The initial Fitting ideal ${\rm Fit}_0(M)$ is called the characteristic ideal of $M$. The Main Conjecture of Iwasawa Theory, which was proved by Mazur and Wiles many years before Wiles’ revolutionary work on Fermat’s Last Theorem, relates the characteristic ideal of $X_\infty$ (or, more precisely, its eigenspaces under the action of ${\rm Gal}(K/{\mathbb Q})$) to $p$-adic L-functions, yielding a far-reaching generalization of the work of Kummer. See this survey paper by Romyar Sharifi for further details.

Concluding remarks

(1) One can also prove Lemma 1 using exterior algebra. Let $\Lambda^k(A)$ denote the $k^{\rm th}$ exterior power of a matrix $A$ over a commutative ring $R$, i.e., the matrix whose $(I,J)$-entry is the determinant of the $k \times k$ minor $A_{IJ}$, where $I,J$ range over all $k$-element subsets of ${ 1,\ldots,m }$ and ${ 1,\ldots, n }$, respectively. If $A$ represents a homomorphism $f : M \to N$ of free $R$-modules, then $\Lambda^k(A)$ represents the induced map $\Lambda^k(f) : \Lambda^k(M) \to \Lambda^k(N)$ on exterior powers. Since exterior powers are functorial, one has $\Lambda^k(AB) = \Lambda^k(A)\Lambda^k(B)$ (a generalization of the multiplicativity of the determinant), from which Lemma 1 follows easily.

(2) The initial Fitting ideal can be used to give a definition for the image of a morphism of schemes which behaves well in families. The idea is as follows: by the naturality of the construction of Fitting ideals of a module, it makes sense to attach a Fitting ideal sheaf to any sufficiently nice sheaf of modules on a scheme. Accordingly, the Fitting image of a morphism $f : X \to Y$ is defined to be the closed subscheme of $Y$ associated to the sheaf of ideals ${\rm Fit}_0(f_*({\mathcal O}_X))$. This point of view is explored in detail in the book “The Geometry of Syzygies” by Eisenbud.

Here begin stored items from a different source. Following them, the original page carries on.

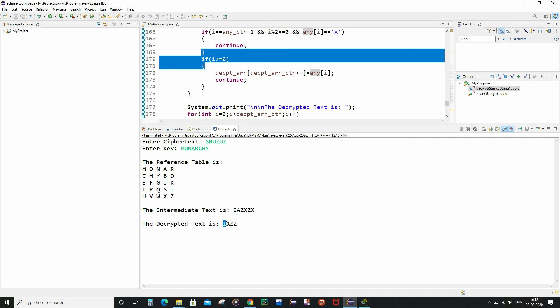This is a drawback because in the intermediate text there is no capital J — I and J are treated as the same in the table. Wherever J should appear, the program prints capital I instead. This can lead to severe data loss if used in a real context such as wartime communication. For any plain text containing J, this cipher implementation should not be used.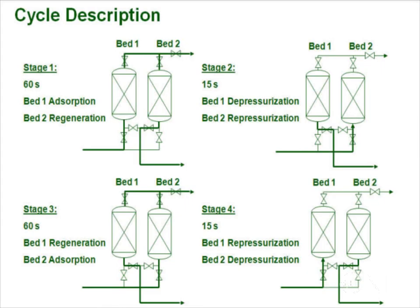In the second part of setting up the full flow sheet, we are going to use the cycle organizer in Aspen Adsorption to define the cycle of operation. The cycle for our process has four stages.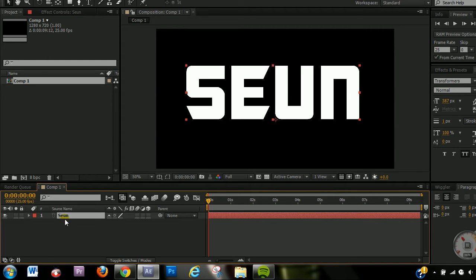The A key brings up keyboard shortcuts to help you bring up those properties a lot faster. If you press P on your keyboard, that brings up your position property. S is for scale, T for opacity, and R for rotation. Those are faster ways to bring up those properties without going to the drop-down.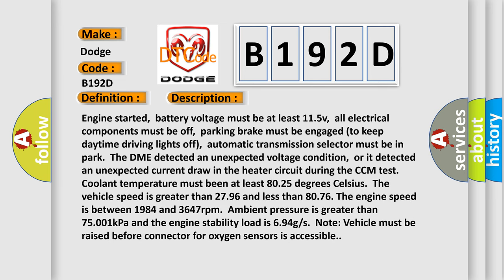Engine started, battery voltage must be at least 11.5V, all electrical components must be off, parking brake must be engaged to keep daytime driving lights off, automatic transmission selector must be in park. The DME detected an unexpected voltage condition, or it detected an unexpected current draw in the heater circuit during the CCM test. Coolant temperature must be at least 80.25 degrees Celsius.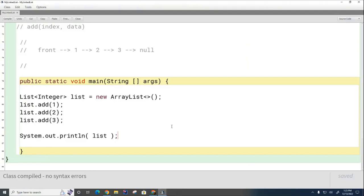You should test it with an empty list, with a list that has one item, maybe three items. That would be a good way to make sure that your toString is working. That's the only one we're going to work on today for now.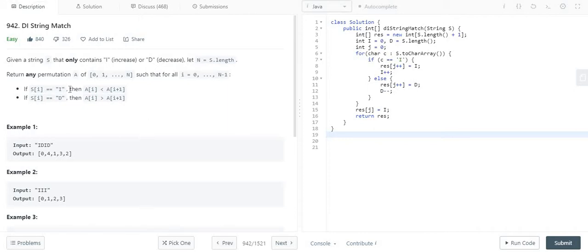Hello friends. Today we are going to discuss another LeetCode problem. The problem is DI string match.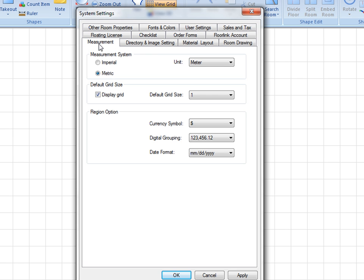The main function in this tab is to set the measurement system, imperial or metric. For the imperial measurement system, there are two options. Feet and inch is the standard feet and inch presentation.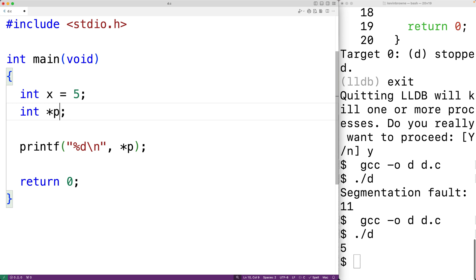The special value null is basically considered a pointer to nothing. If we try to dereference a pointer variable that's set to null, this could also cause a segmentation fault error.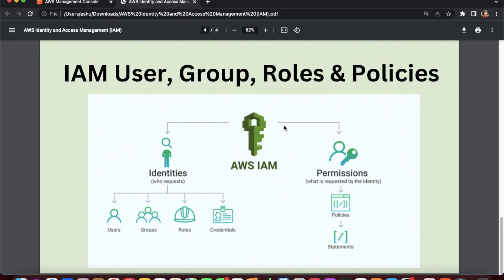When you have multiple IAM users that need the same IAM permissions, you can create an IAM group. An IAM group is a collection of IAM users. For example, you can create a group for a development team, and similarly for finance or HR — you create the groups and attach users to the appropriate group.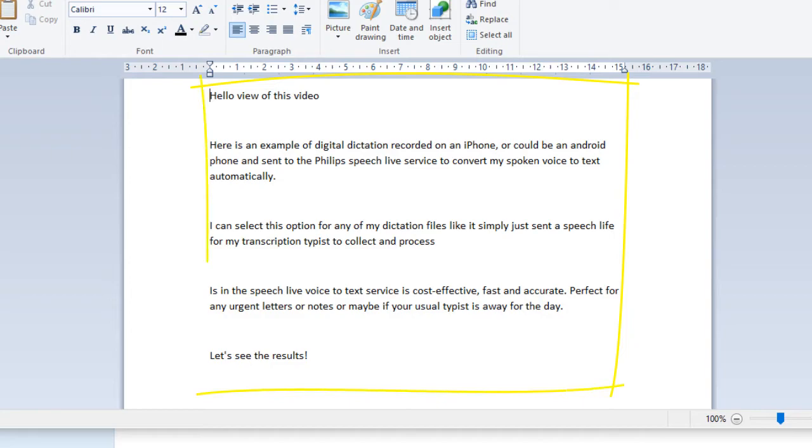Hello, viewer of this video, new paragraph. Here is an example of digital dictation recorded on an iPhone, comma, or could be an Android phone, and sent to the Philips SpeechLive service to convert my spoken voice to text automatically, full stop, new paragraph.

(3) The Alexander polynomial of a knot can be defined as the initial Fitting ideal of the first homology (with integer coefficients) of the infinite cyclic cover of the complement of the knot, considered as a module over ${\mathbb Z}[t,t^{-1}]$.

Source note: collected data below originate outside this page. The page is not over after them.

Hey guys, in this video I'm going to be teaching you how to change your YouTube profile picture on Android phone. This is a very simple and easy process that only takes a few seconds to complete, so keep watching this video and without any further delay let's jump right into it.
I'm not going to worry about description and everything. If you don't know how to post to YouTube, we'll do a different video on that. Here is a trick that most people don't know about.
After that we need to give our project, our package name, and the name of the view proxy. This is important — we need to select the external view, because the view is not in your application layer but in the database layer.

(4) For more information on Hans Fitting (1906-1938), who was a student of Emmy Noether and died of bone cancer at age 31 see this biographical page. Among other things, he introduced the Fitting decomposition of a vector space with respect to an endomorphism, which I discussed in this post on the Jordan Canonical Form. His father Friedrich Fitting, who was also a mathematician, is best known today for his 1931 proof that there are exactly 880 magic squares of order 4.